Un fonctionnaire inspecta nos papiers d'identité après notre montée dans le bus. Nous nous tenions debout dans le bus bondé jusqu'à ce qu'un nombre de passagers fussent descendus plusieurs heures après. Le bus était vieux et poussif sur la route. De plus, il semblait s'arrêter à chaque village et croisement.
En soirée, plusieurs conversations s'ensuivirent entre nos guides et le chauffeur de bus. Je pus ressentir que nos guides devenaient inquiets.
Vers 9H00 le bus s'arrêta dans un village et le chauffeur entra dans un bâtiment éclairé. Quand il y pénétra, nos guides chuchotèrent et nous firent signe de descendre et de les suivre rapidement.
Nous sautâmes du bus, saisissant nos ballots en sortant. Comme des cerfs apeurés, nous franchîmes un mur de pierres et nous nous enfuîmes en descendant une colline, traversant un ruisseau et montant une autre colline. J'appris plus tard qu'au cours de cette soirée, nous entrions en zone frontalière où des documents spécifiques étaient exigés. Le chauffeur avait eu des soupçons sur les explications données par nos guides.
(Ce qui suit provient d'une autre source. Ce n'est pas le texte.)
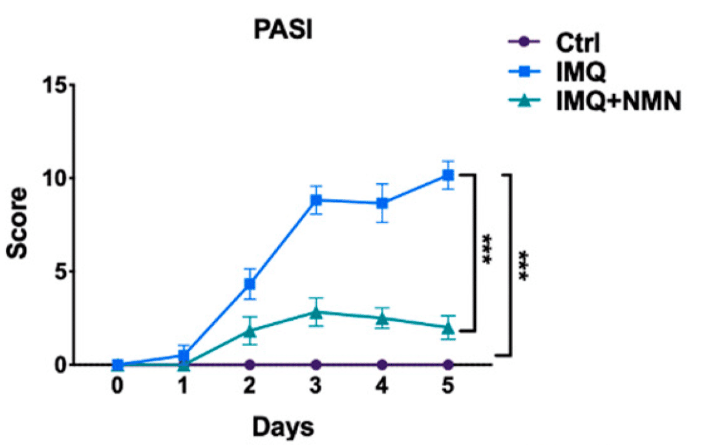 article-page-carousel-item--NMN Protects Skin and Improves Prognosis in Psoriatic Mice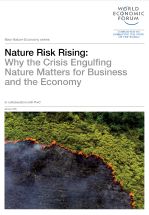 Nature risk rising: why the crisis engulfing nature matters for business and the economy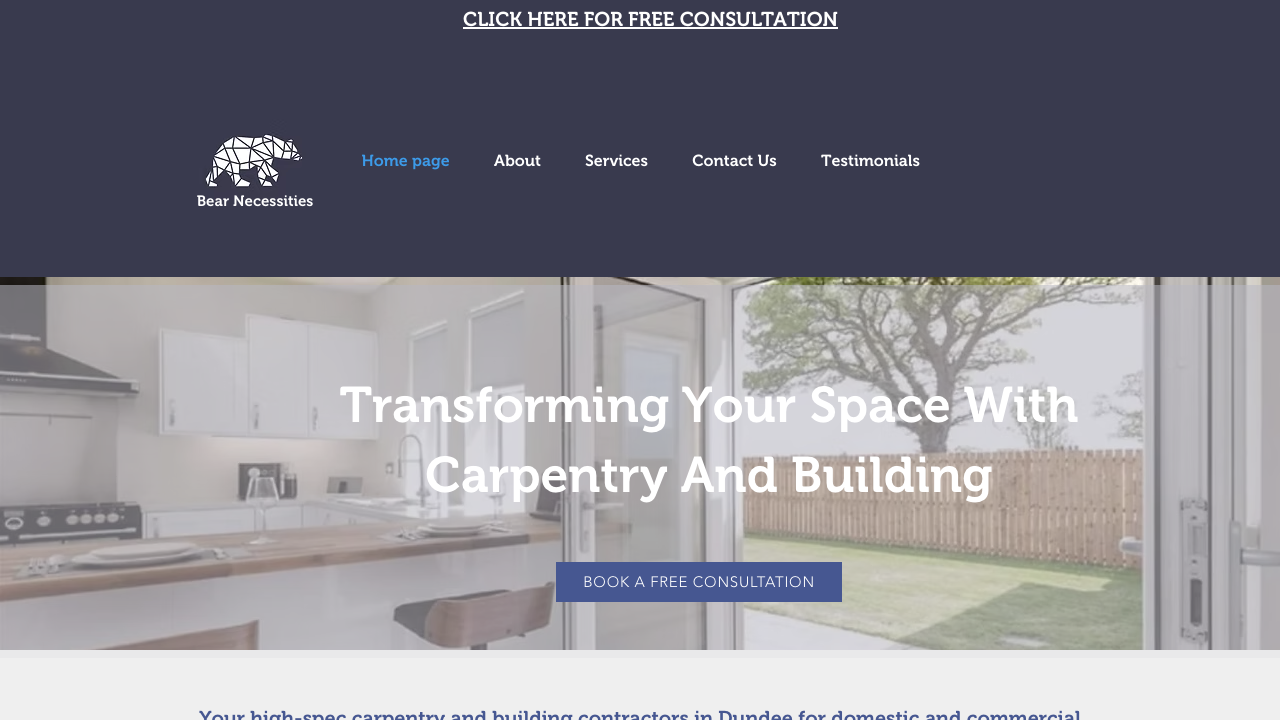 BEAR NECESSITIES BUILDING SOLUTIONS LTD website preview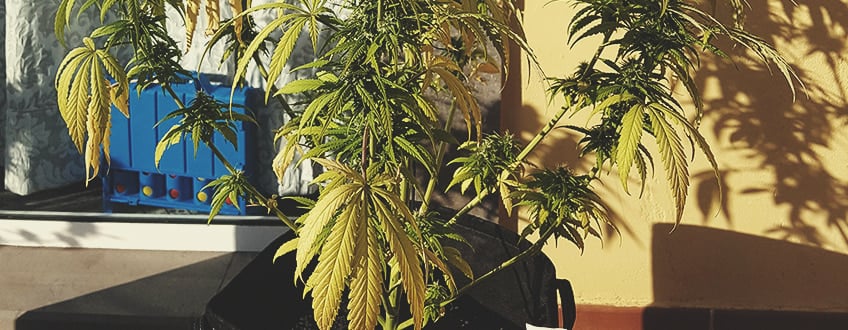 Sick cannabis plant with drooping and yellow leaves, symptoms of overwatering. Tips on how to revive an overwatered plant include improving drainage and adjusting the watering schedule.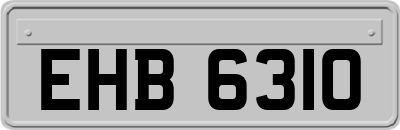 EHB6310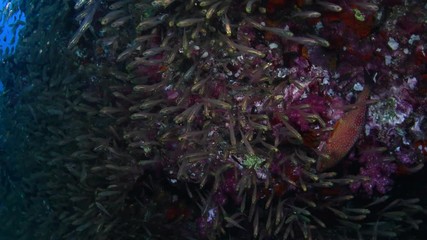 Shoal of Pygmy Sweeper, Parapriacanthus ransonneti in tropical coral reef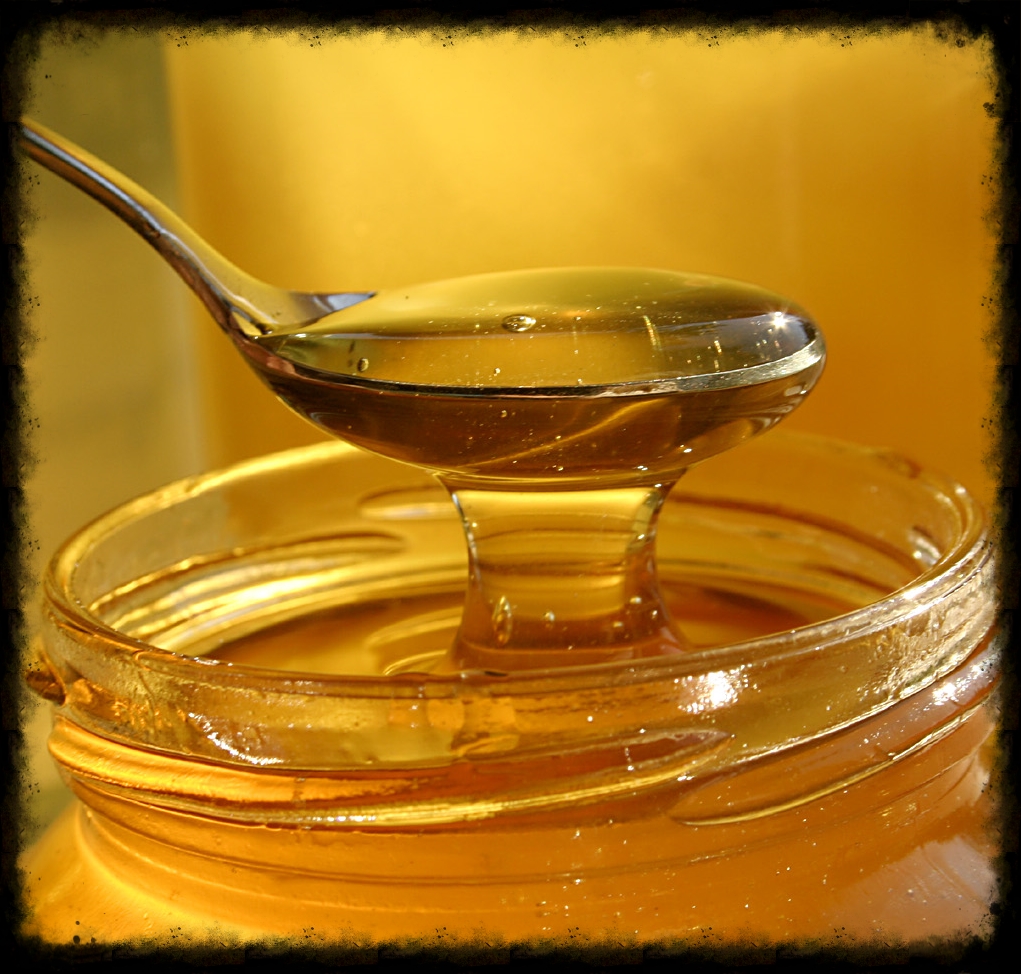 honey-atroszko-sxc1.jpg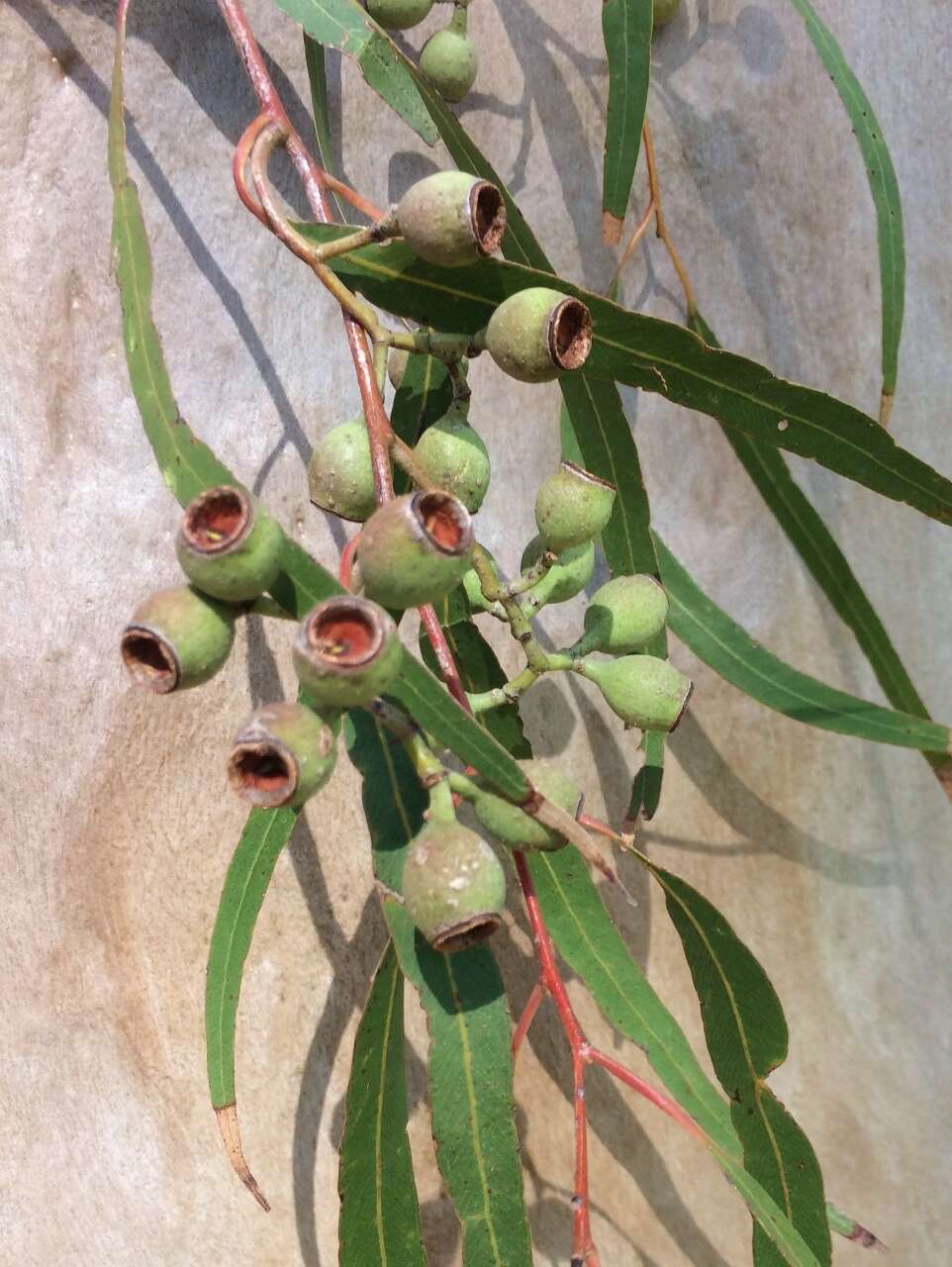 Image of lemonscented gum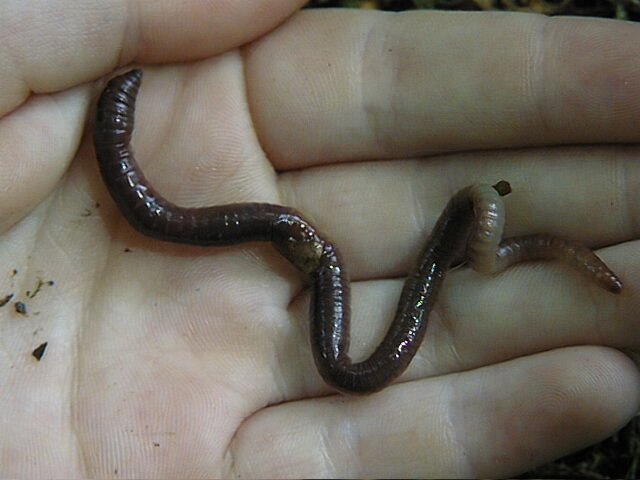 Worm.jpg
Lorsqu'il s'arrêta dans le village, il semblait presque certain qu'il était allé prévenir les gendarmes.
Après avoir contourné le village, nous nous dirigeâmes vers le Sud, en marchant et courant à vive allure. Il n'y avait pas de lune et nous arrivâmes dans une région vallonnée. Vers minuit, nous tombâmes sur une route et la suivîmes jusqu'à un carrefour. Les guides furent enfin capables de déterminer notre position grâce aux poteaux de signalisation, et nous poursuivîmes notre route.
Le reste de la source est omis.